What’s your Storytelling Super Power?

storytellingsuperpowerIf there’s one thing I learned from Harry Potter and the Goblet of Fire, it’s that when you’re up against tough odds, it only makes sense to play to your strengths.

To be sure, having a crack team to support you makes a huge difference. But there’s only so much Ron and Hermione can do for you. At some point you have face the dragon. And when you do, you’ll be totally on your own. The only way you’ll be able to defend yourself is if you know your strengths.

Discover your writing strengths

Knowing what kind of stories you are drawn to can help you figure out which projects to focus on. There’s nothing worse than spending hours banging your head against the wall over a project that you’re not equipped to handle. Sometimes you can gain valuable experience from working on things that you’re not good at. That’s how we grow and gain new skills. But there’s absolutely nothing wrong with playing to your strengths, with knowing what you’re good at and doing that thing.

Not to mention, unless you’re a complete masochist, nobody enjoys forcing themselves to do something they’re not good at. The good news is, at least with writing, you don’t have to! You can figure out what you’re good at and focus on those kind of projects and your readers will love you for it! Why? Because you’ll get better and better at telling those kinds of stories… and the enjoyment you take from creating projects that resonate with you on that kind of level will shine through in your writing.

Why your storytelling super power matters

Me? I’m an underdog. Well, I like underdog stories. My favorite movies are Field of Dreams and Empire Records, both stories with characters trying to overcome tough odds and beat the establishment. (“Damn the man!
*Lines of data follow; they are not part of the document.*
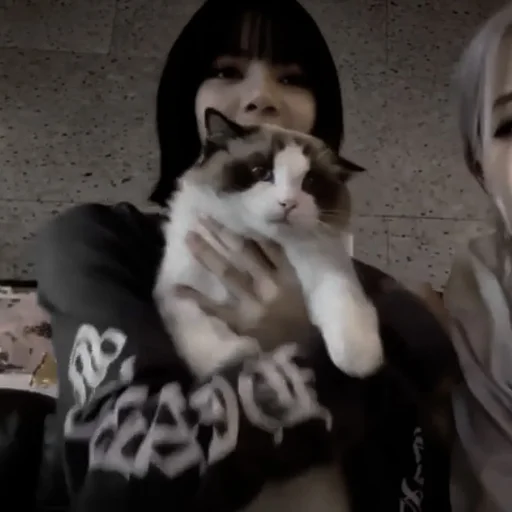 domestic cat cat animal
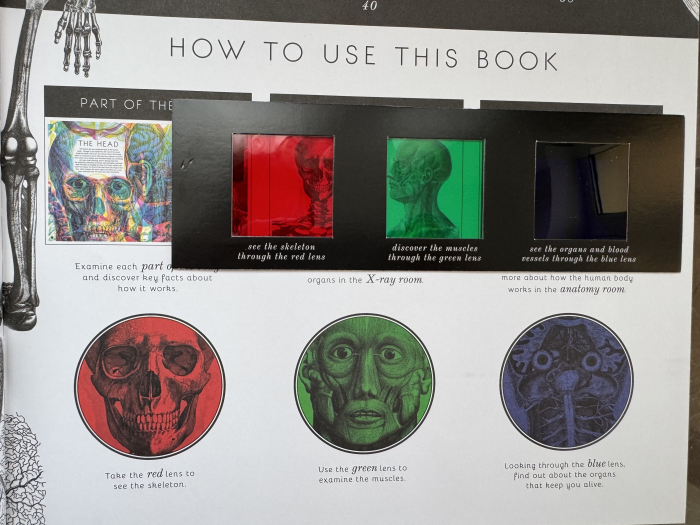 Carte interactiva Illumanatomy de Kate Davies si Carnovsky Libraria Exploratorilor [2]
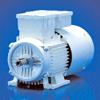 Three Phase Fan-Cooled AC Induction Motor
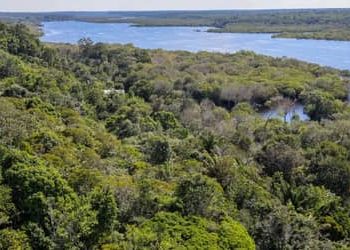Licenciamento Ambiental: entidades veem derrubada de vetos como avanço para o desenvolvimento sustentável
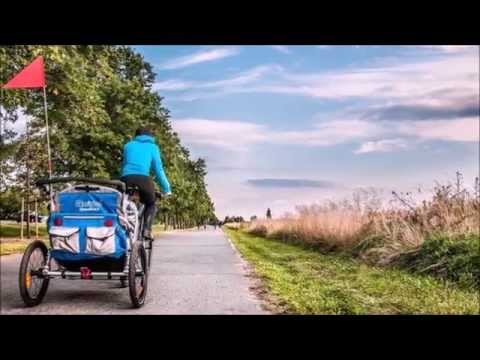 Bildergallery Speedkid2 Qeridoo Fahrradanhänger Kinderwagen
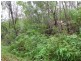 Lot 2 Thornton Peak Drive, Daintree QLD 4873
Save the Empire!” Am I right?) And my current WIP will end up reflecting that. Full disclosure, though, it doesn’t right now! I had been trying to write a Survivor story (think Castaway or The Fault in Our Stars). But after taking the quiz and taking stock of where I was at in my manuscript, I realized my main character was telling me she was an underdog and that she wanted a few changes made to her story to reflect that.

The result: Now my story has a clearer direction! You don’t always have to throw out what you’ve been working on when you realize it should be something else. Sometimes, a few tweaks or the introduction of a new antagonistic force will make all the difference. For me, the key was to NOT give the main character everything she wanted right away, and to raise the stakes so that she has to choose between what she wants and who she loves.

What’s your storytelling superpower?

Wondering what your storytelling strengths might be? Gabriela of DIY MFA and I developed this awesome quiz to help you figure out which stories interest you. I recommend you give it a try! Click here, answer 7 simple questions, and find out what your strengths are.

Once you’ve taken the quiz, hop back over here and let me know what your superpower is! And then dig in and figure out what that means for your writing! Just knowing what your strengths are won’t make your stories stronger. What strategy do you have to play to those strengths?

(Hey! Did you know that Gabriela has a book coming out this summer? Check it out and order your copy here!)

Want to know more about how to up your writing game? Sign up for the Writing Refinery email newsletter. You’ll also receive a free Character Detail Sheet that can help you learn everything you need to know about the main character in your current WIP!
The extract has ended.